DATA PROVIDED ▸
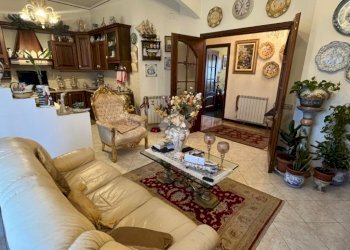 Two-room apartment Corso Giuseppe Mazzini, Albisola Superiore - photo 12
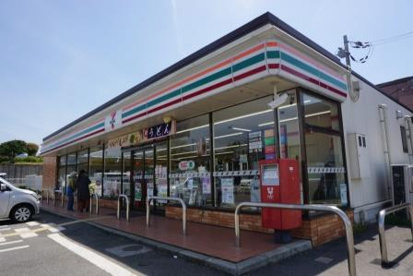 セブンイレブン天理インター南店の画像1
--
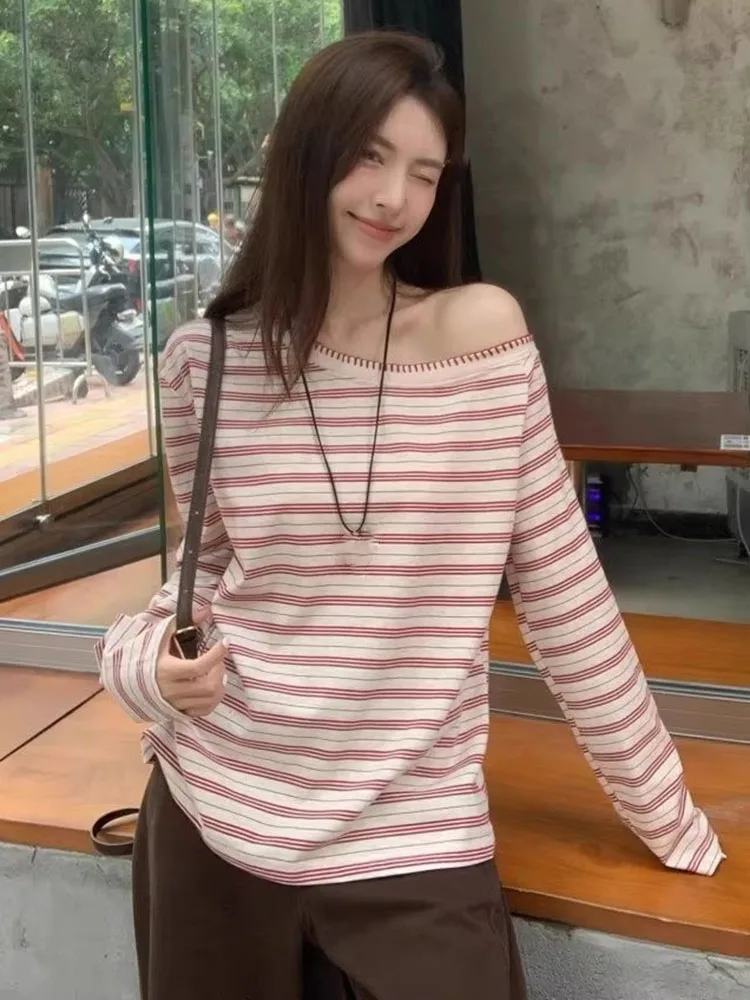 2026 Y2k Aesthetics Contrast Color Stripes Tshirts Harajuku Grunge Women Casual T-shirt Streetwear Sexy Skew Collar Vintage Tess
* * *
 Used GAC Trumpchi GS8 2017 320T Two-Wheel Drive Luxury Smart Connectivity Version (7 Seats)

ASSIGNED TASK ▸
Exactly the lines starting at the one above with "Two-room apartment Corso" and ending at the one with "セブンイレブン天理インター南店の画像1" should be printed, and nothing else. Omit the pictures.

RESPONSE BOX ▸
 Two-room apartment Corso Giuseppe Mazzini, Albisola Superiore - photo 12
 セブンイレブン天理インター南店の画像1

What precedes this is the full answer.